A New Visibility Model for Surface Reconstruction

Abstract

In this paper, we propose a new visibility model for scene reconstruction. To yield out surface meshes with enough scene details, we introduce a new visibility model, which keeps the relaxed visibility constraints and takes the distribution of points into consideration, thus it is efficient for preserving details. To strengthen the robustness to noise, a new likelihood energy term is introduced to the binary labeling problem of Delaunay tetrahedra, and its implementation is presented. The experimental results show that our method performs well in terms of detail preservation.

1 Introduction

Scene reconstruction from images is a fundamental problem in Computer Vision. It has many practical applications in entertainment industry, robotics, cultural heritage digitalization and geographic systems. For decades, it has been studied due to its low cost of data acquisition and various usages. In recent years, researchers have made tremendous progress in this field. For small objects under controlled conditions, current scene reconstruction methods could achieve great results [7, 16]. However, when it comes to large scale scenes with multi-scale objects, they would have some problems with the completeness and accuracy, especially when dealing with scene fine details [18].

Scene details like small scale objects and object edges are essential part of scene surfaces.
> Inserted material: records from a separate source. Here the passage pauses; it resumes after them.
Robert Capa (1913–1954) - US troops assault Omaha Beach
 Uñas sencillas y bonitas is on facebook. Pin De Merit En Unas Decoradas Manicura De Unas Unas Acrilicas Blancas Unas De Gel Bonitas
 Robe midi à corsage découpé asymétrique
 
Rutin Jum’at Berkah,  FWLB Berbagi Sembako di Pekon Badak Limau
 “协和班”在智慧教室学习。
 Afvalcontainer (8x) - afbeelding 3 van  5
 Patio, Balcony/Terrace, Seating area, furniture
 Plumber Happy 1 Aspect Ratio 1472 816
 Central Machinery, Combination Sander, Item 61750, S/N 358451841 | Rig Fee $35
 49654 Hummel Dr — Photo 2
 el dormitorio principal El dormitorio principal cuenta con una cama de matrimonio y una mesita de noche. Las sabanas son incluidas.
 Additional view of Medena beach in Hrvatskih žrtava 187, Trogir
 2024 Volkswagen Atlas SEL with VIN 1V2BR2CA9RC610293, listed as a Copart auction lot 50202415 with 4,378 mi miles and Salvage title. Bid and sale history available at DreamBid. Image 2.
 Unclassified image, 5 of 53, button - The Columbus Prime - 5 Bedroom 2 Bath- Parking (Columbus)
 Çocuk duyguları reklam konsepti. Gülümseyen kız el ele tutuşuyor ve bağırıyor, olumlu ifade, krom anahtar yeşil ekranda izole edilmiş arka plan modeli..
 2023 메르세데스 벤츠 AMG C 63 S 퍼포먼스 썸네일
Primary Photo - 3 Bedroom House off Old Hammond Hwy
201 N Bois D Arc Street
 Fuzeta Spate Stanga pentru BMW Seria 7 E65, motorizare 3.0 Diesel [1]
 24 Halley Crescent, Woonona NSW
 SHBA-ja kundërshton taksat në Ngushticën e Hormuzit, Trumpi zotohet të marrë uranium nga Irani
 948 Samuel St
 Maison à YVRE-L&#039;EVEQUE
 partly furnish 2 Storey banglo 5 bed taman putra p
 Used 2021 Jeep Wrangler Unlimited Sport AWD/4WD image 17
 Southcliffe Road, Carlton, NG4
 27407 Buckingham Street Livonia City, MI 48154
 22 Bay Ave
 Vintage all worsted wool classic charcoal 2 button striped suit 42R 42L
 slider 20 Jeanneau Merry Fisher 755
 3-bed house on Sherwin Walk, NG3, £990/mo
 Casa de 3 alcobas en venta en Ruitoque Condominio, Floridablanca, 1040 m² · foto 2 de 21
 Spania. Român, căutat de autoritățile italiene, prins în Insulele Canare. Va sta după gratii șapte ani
However, preserving scene details in multi-scale scenes has been a difficult problem. The existing surface reconstruction methods either ignore the scene details or rely on further refinement to restore them. This is because firstly, compared with noise, the supportive points in such areas are sparse, making it difficult to distinguish true surface points from false ones; and secondly, the models and associated parameters employed in existing methods are not particularly adept for large scale ranges, where scene details are usually compromised for overall accuracy and completeness. While the above first case seems unsolvable due to the lack of sufficient information, we only focus on the second case in this work. In particular, we propose a new visibility model along with a new energy formulation for surface reconstruction. Our method follows the idea in [6, 11], with the visibility model and energy formulation replaced with ours. To make our method adept for large scale ranges, we propose a new visibility model with adaptive ends of lines of sight; in the meantime, a new likelihood energy term is introduced to keep the proposed method robust for noise. Experimental result shows that our visibility model is efficient for preserving scene details.

2 Related Work

Recently, a variety of works have been done to advance 3D scene reconstruction. To deal with small objects, silhouette based methods [5, 13] are proposed. The silhouettes provide proper bounds for the objects, which helps to reduce the computing cost and yield a good model for the scene. However, good silhouettes rely on effective image segmentation, which remains a difficult task so far. Volumetric methods like space carving [1, 10, 24], level sets [8, 15] and volumetric graph cut [14, 20, 22] often yield good results for small objects. But the computational and memory costs increase rapidly as scene scale grows, which makes them unsuitable for large scale scene reconstruction.

For outdoor scenes, uncontrollable imaging conditions and multiple scale structure make it hard to reconstruct scene surfaces. A common process of large scale scene reconstruction is to generate the dense point cloud from calibrated images first, and then extract the scene surface. The dense point cloud can be generated by depth fusion method [2, 17, 19] or by feature expansion methods [3]. Once the dense point cloud is generated, scene surface can be reconstructed by Possion surface construction [9], by level-set like method [21] or by graph cut based methods [6, 11, 12]. Graph cut based methods are exploited most for its efficiency and ability of filtering noise. In these methods, Delaunay tetrahedra are generated from dense point cloud first, then a visibility model is applied to weight the facets in Delaunay tetrahedra, finally the binary labeling problem of tetrahedra is solved and the surface is extracted. The typical visibility model is introduced in [12]. The basic assumption of the visibility model in [12] is that the space between camera center and 3D point is free-space, while the space behind 3D point is full-space. Then this typical visibility model is promoted by a refined version in [11], namely soft-visibility, to cope with noisy point clouds.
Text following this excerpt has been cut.